Find how many lines of the records below contain the word "Sport" and write that number by itself.
══ RECORDS TO USE ══
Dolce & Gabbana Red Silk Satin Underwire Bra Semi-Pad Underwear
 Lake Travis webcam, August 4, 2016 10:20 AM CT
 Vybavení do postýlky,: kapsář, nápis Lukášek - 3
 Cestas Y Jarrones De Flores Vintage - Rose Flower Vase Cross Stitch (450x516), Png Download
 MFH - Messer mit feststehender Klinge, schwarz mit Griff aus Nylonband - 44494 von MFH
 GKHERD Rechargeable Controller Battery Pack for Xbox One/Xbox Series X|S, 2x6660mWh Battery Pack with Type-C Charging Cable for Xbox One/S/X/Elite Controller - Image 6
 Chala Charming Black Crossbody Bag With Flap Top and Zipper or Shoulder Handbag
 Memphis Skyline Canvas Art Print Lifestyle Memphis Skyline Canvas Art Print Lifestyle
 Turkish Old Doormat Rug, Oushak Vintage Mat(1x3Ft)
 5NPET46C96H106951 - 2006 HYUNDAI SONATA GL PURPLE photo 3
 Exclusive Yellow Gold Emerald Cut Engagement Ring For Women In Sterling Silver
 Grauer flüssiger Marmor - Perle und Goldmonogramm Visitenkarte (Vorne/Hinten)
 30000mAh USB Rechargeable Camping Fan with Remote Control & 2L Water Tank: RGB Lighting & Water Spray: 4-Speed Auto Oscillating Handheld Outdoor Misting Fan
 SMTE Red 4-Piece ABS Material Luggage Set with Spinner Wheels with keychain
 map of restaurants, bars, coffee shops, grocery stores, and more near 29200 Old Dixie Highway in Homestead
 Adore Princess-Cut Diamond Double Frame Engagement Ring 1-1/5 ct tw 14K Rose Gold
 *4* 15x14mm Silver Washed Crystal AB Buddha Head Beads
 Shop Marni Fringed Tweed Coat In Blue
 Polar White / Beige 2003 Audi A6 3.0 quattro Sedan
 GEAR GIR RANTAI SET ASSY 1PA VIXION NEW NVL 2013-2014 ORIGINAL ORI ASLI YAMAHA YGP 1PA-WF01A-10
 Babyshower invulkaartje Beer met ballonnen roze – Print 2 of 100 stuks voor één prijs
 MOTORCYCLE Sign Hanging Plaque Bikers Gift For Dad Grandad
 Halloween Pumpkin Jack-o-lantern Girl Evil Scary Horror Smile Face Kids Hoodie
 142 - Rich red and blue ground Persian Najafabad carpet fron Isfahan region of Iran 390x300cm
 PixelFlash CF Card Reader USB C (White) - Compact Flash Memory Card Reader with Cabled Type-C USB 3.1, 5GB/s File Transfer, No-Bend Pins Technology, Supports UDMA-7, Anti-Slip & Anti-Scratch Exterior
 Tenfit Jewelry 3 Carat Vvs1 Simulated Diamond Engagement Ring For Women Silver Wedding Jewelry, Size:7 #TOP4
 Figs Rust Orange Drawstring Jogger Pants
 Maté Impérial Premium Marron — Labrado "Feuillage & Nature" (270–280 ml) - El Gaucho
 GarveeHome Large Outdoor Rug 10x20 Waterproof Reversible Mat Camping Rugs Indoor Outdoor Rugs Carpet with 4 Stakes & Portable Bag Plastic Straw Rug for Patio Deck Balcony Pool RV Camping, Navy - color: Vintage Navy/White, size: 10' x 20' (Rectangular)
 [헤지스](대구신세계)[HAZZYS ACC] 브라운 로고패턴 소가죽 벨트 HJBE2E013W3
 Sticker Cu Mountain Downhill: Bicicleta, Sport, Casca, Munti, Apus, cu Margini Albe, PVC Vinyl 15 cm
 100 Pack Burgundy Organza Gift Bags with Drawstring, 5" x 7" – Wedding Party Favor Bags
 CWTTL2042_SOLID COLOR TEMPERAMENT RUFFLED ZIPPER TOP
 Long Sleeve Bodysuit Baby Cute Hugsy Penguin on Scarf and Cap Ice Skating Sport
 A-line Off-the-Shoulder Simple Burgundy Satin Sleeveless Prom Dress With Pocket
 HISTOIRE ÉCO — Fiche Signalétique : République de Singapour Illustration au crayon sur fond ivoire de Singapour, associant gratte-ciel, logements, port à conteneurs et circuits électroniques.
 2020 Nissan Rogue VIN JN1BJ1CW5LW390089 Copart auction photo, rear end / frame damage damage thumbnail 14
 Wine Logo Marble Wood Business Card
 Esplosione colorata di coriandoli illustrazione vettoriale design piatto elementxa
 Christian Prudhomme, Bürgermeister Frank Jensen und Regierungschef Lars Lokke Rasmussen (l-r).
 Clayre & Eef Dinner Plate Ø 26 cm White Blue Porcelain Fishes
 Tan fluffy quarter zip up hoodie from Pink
═══
• WRITTEN SOLUTION: 2